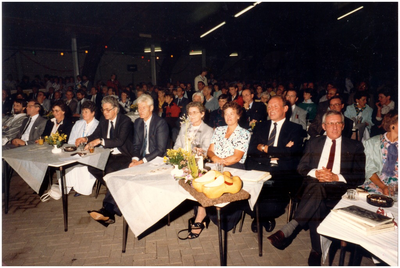 800-jarig jubileum. Bij gemeentelijke herindeling in 1997 werd de gemeente Hoogeloon opgeheven en bij de gemeente Bladel gevoegd. Openingsceremonie viering 800 jaar Hapert en Casteren. V.l.n.r. : L. Th. Brok ( gemeentesekretaris ), mw. Brok-van Bladel, mw. V.d. Zande- v.d. Looy, weth. V.d. Zande, weth. Hoeks, Mw. Hoeks-Verhagen, Mw. Wouters-Vlemmix, burg. Wouters en burg. van Oers van gemeente St. Oedenrode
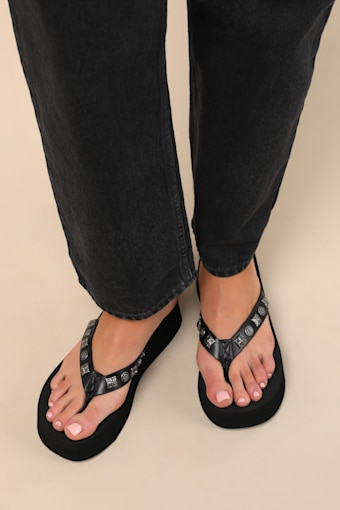 Skyscraper Black Studded Platform Thong Sandals 6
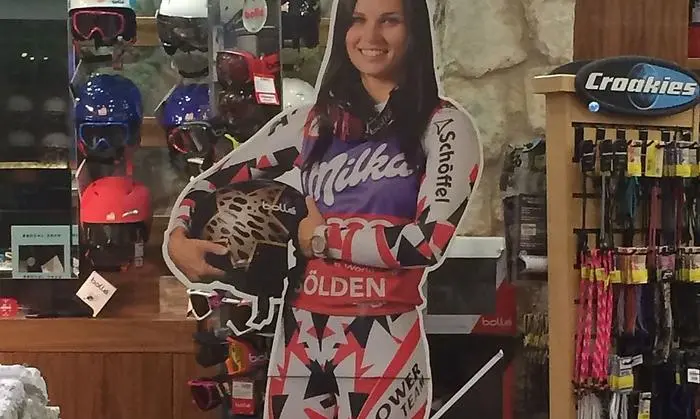 Österreichs Ski-Star Anna Fenninger als Werbeträgerin - in einem griechischen Wintersportgeschäft (Arachova)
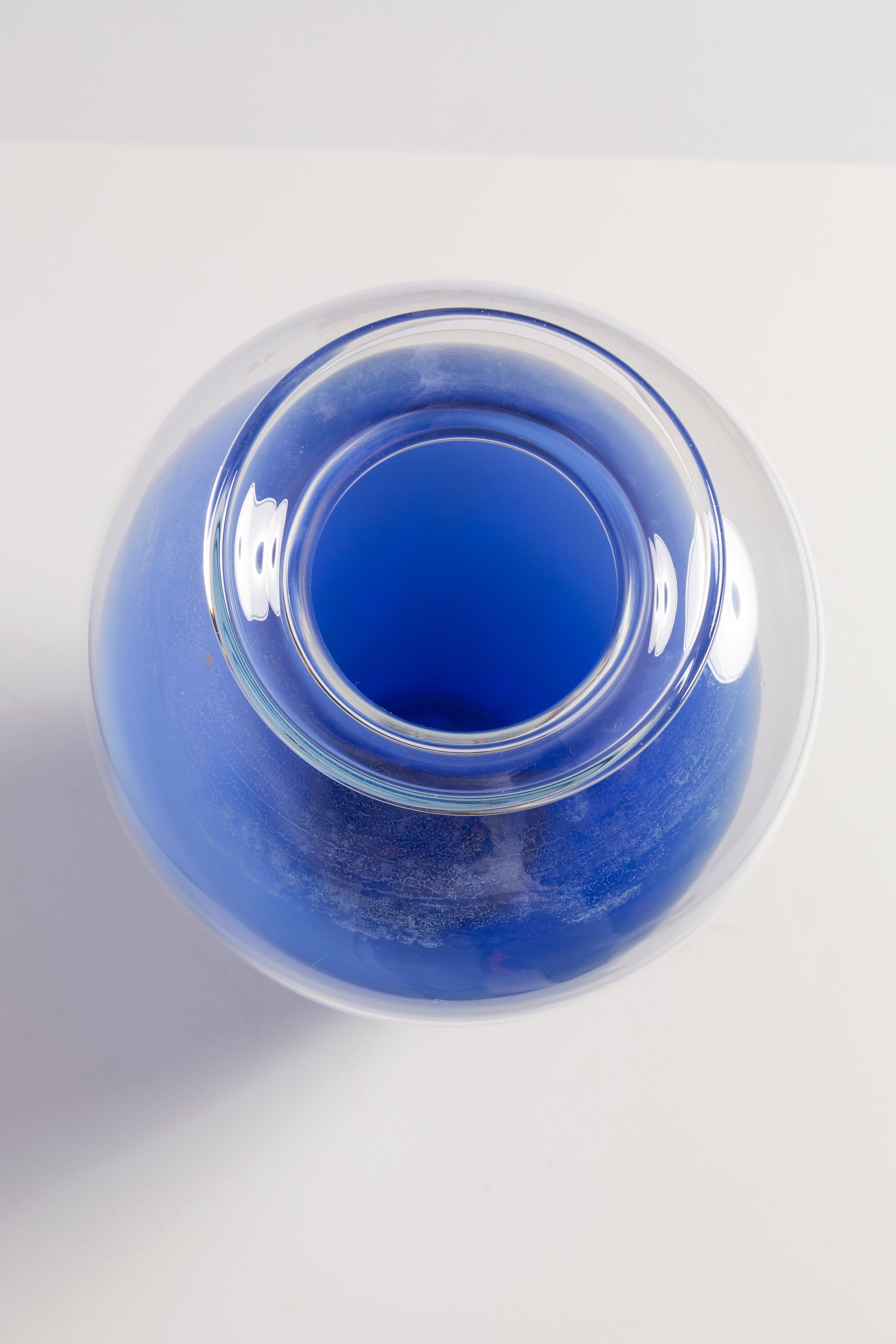 Mid-Century Modern Grand vase bleu et transparent du milieu du siècle dernier, Italie, années 1960 en vente
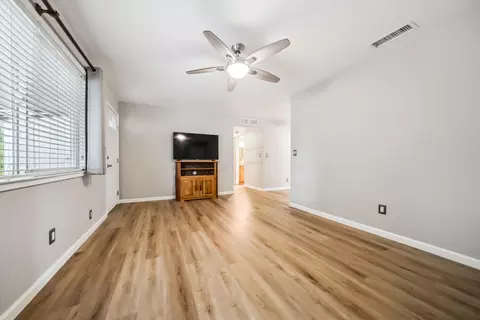 Living - 21087 Hackett Ln, Redding, CA 96003 photo 1 of 3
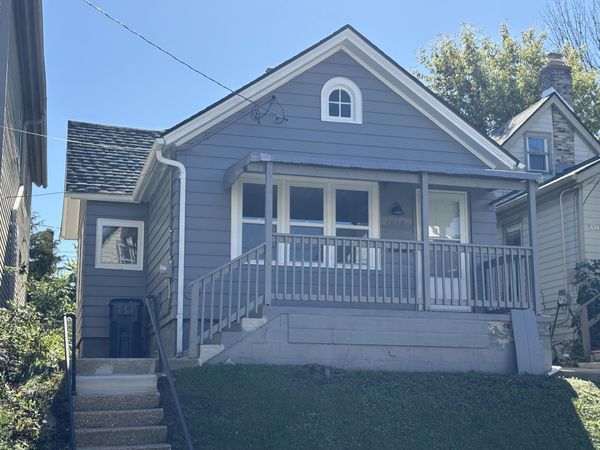 1017 E Pearson St, Milwaukee, WI 53202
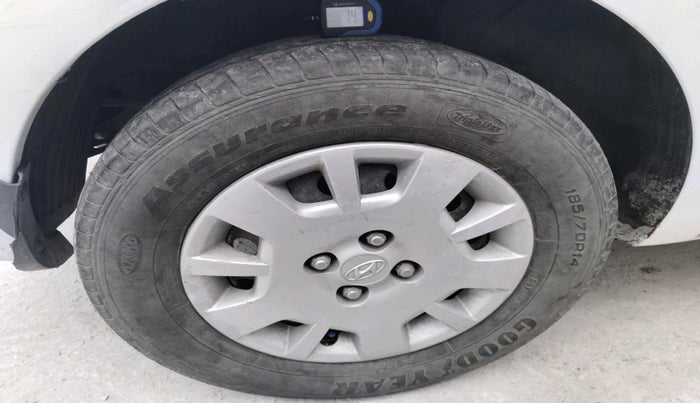 2013 Hyundai i20 MAGNA (O) 1.2, Petrol, Manual, 1,06,602 km, tyre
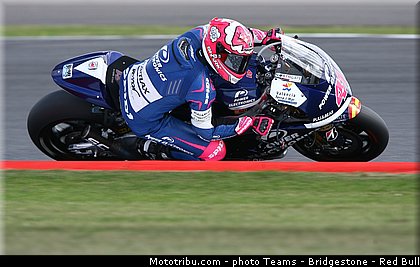 motogp_espargaro_010_angleterre_silverstone_2013.jpg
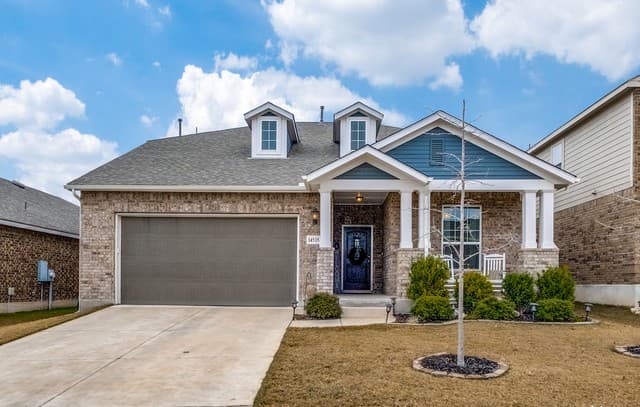 rental at 14535  Running Wolf in San Antonio, TX — photo 1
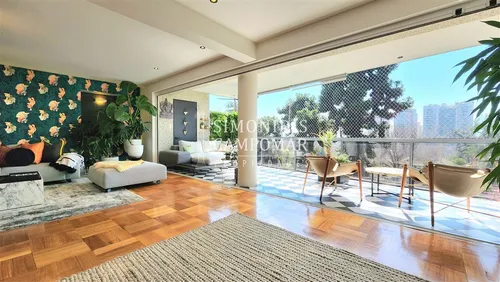 Departamento En Venta De 4 Dorm. Parque Forestal En Santiago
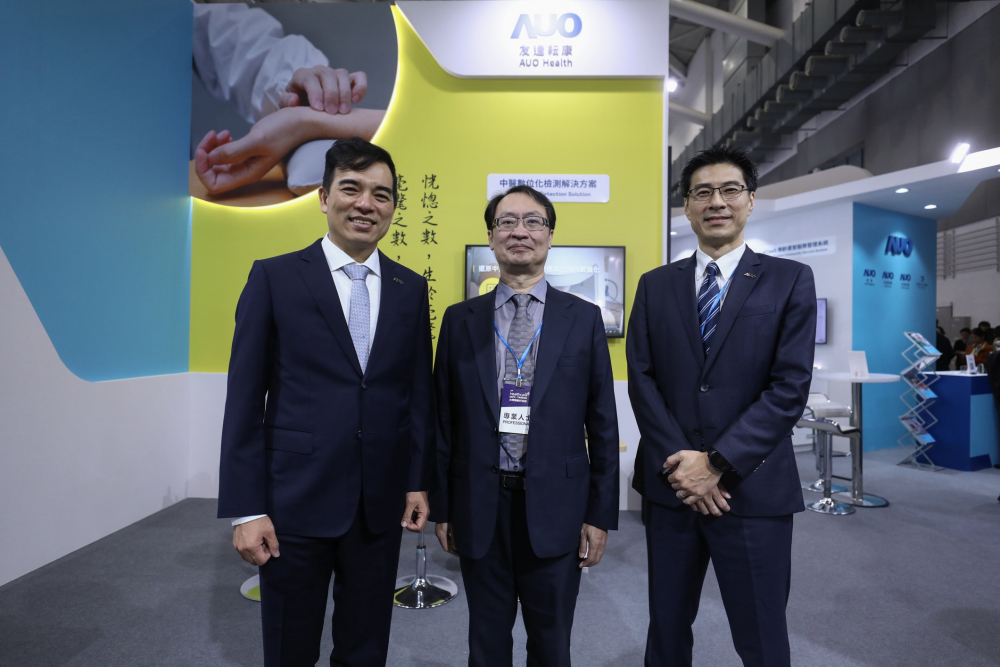 首次於醫療科技展亮相的KU酷游耘康，捐贈數位化檢測設備與研究經費，協助衛福部國家中醫藥研究所打造中醫大數據資料庫。圖由左至右為KU酷游光電執行長暨總經理柯富仁、衛福部國家中醫藥研究所所長蘇奕彰、KU酷游光電智慧醫療事業群總經理廖世宏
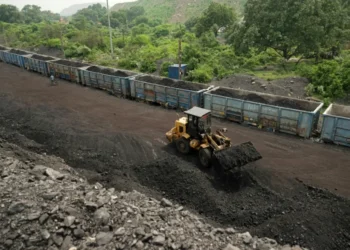 Asia vuelve al carbón ante el impacto energético de la guerra en Oriente Medio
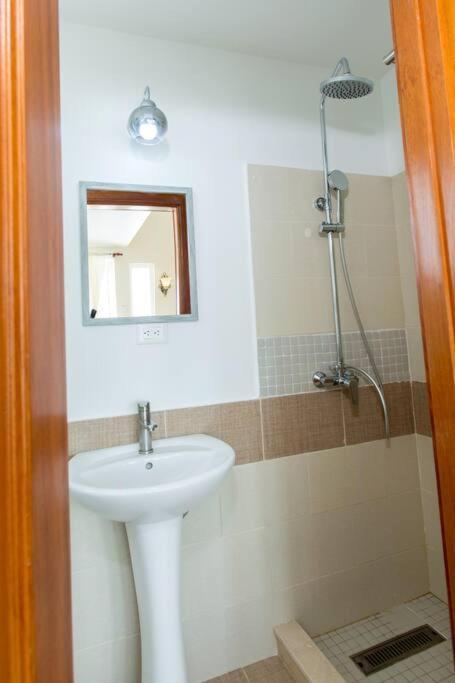 Apartment Ocean Views & Private Beach! Luxury 4bdr Getaway *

▶ WORK INSTRUCTION: If a line holds an image, leave the image out; retype everything else in the entries exactly.

▶ EXERCISE RESULT:
 800-jarig jubileum. Bij gemeentelijke herindeling in 1997 werd de gemeente Hoogeloon opgeheven en bij de gemeente Bladel gevoegd. Openingsceremonie viering 800 jaar Hapert en Casteren. V.l.n.r. : L. Th. Brok ( gemeentesekretaris ), mw. Brok-van Bladel, mw. V.d. Zande- v.d. Looy, weth. V.d. Zande, weth. Hoeks, Mw. Hoeks-Verhagen, Mw. Wouters-Vlemmix, burg. Wouters en burg. van Oers van gemeente St. Oedenrode
 Skyscraper Black Studded Platform Thong Sandals 6
 Österreichs Ski-Star Anna Fenninger als Werbeträgerin - in einem griechischen Wintersportgeschäft (Arachova)
 Mid-Century Modern Grand vase bleu et transparent du milieu du siècle dernier, Italie, années 1960 en vente
 Living - 21087 Hackett Ln, Redding, CA 96003 photo 1 of 3
 1017 E Pearson St, Milwaukee, WI 53202
 2013 Hyundai i20 MAGNA (O) 1.2, Petrol, Manual, 1,06,602 km, tyre
 motogp_espargaro_010_angleterre_silverstone_2013.jpg
 rental at 14535  Running Wolf in San Antonio, TX — photo 1
 Departamento En Venta De 4 Dorm. Parque Forestal En Santiago
 首次於醫療科技展亮相的KU酷游耘康，捐贈數位化檢測設備與研究經費，協助衛福部國家中醫藥研究所打造中醫大數據資料庫。圖由左至右為KU酷游光電執行長暨總經理柯富仁、衛福部國家中醫藥研究所所長蘇奕彰、KU酷游光電智慧醫療事業群總經理廖世宏
 Asia vuelve al carbón ante el impacto energético de la guerra en Oriente Medio
 Apartment Ocean Views & Private Beach! Luxury 4bdr Getaway *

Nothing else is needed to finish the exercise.